Yes, strength training requires time. The Slow Burn method claims you can get a full workout in 15 minutes, twice a week is all you need, compared to at least three hours of conventional lifting. The article fails to mention how much time people spend watching Netflix and playing on social media. Is three hours that unreasonable? Three one hour workouts a week?

The other part of the sentence, “...frequently causes injuries.” is also questionable. Weight lifting is not the problem. Poor posture creating a lack of mobility, lack of knowledge of proper technique, letting ego determine the weight load being lifted, and a general “not knowing what you’re doing or acting stupid” are the cause of most injuries. If you don’t know how to properly move, your body will compensate to stop you from hurting yourself. The compensating muscles weren’t meant for it and will eventually give out.

We haven’t even explained what Slow Burn actually is. The method calls for performing three to six repetitions for one set. The catch is you’re supposed to perform each exercise for 10 seconds on the way down AND on the way up. What’s the point? According to the article:

•It’s safer - slow lifting reduces injury-causing stress on ligaments, tendons, and joints.

My thoughts: Sure, being in control of the weight is good. We’ll explore why 10 seconds is way too much later.

•It’s more effective - without the aid of momentum, more muscle fibers are exercised with each movement.

My thoughts: Misleading. Strength is the ability to generate force. We don’t have space to learn about muscle fiber recruitment, but a simple enough concept to understand is progressive overload. Over time, your body will get more efficient at whatever you challenge it with. This is called the SAID principle, Specific Adaptation to Imposed Demands. Progressive overload means that you need to continually increase the challenge for your body to keep growing. If you keep using the same weight, your body gets more efficient and the workout becomes ineffective.

•The third reason listed is “it’s more efficient - you can get a complete workout in 30 minutes each week, compared to three hours of conventional lifting.”

My thoughts: You can really save time by not going to the gym at all. It’s become trendy to try to find “bio-hacks” to get the benefits of working out without, you know, all that work.

For myself and my clients, training is not the be-all end-all of life. 30-60 minutes, three to five days a week is plenty.

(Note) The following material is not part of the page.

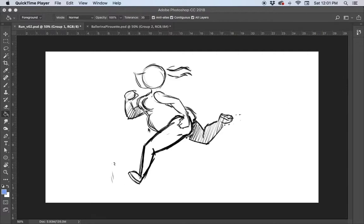Hey animators! This video will show you how to ink and color in Photoshop with video layers. It's going to be a really quick tutorial, so if anything doesn't make sense feel free to reach out to me through email, or Erin in the animation studio, or make appointments with the tutors in the Learning Center.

You don’t need two hour long workouts six days a week. You just need to focus on doing what’s important when you are actually training. So why is 10 seconds too long?

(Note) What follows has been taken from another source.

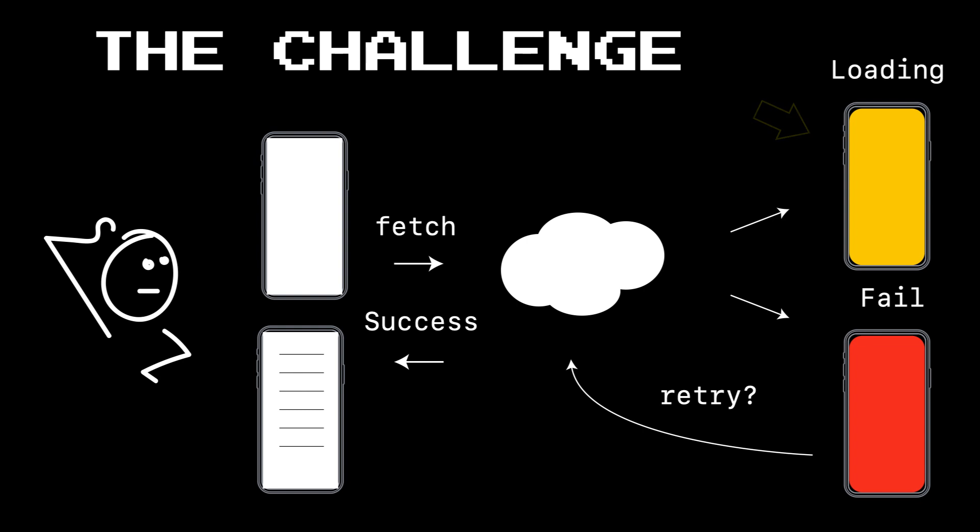And then secondly, if that data load fails for some reason in the event of a network error, or they go into a tunnel and lose connectivity, it'd be nice to give them the option to retry or refresh. And then depending upon whether they have success or fail, we'll actually ultimately update our view controller and go on. The challenge is how do we do this elegantly? How do we do this without having to continuously recreate this over and over again, and set up one nice standard way of doing this throughout our application?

To get stronger you need the right mix of frequency (so your muscles adapt), intensity (so your muscles are actually challenged), and volume (to tell your body this is going to keep happening so it better learn to adapt).

The article lists push ups as one of the exercises. We’ll use that as an example. Take a guy that can do 30 push ups. If he were to perform them with the Slow Burn 10 second tempo, I would bet he couldn’t even get to 5 repetitions.

Let’s say this guy does the 5 slow push ups twice a week, compared to the 30 he could do. The volume of work he’s doing goes in the toilet. 10 push ups vs 60. With exercises that require weights, the same problem happens. A person will not be able to handle anywhere near the same amount of weight compared to moving at a natural speed.

Multiply that by the 10 exercises recommended for a “complete workout” and it’s not hard to see how slow training doesn’t add up.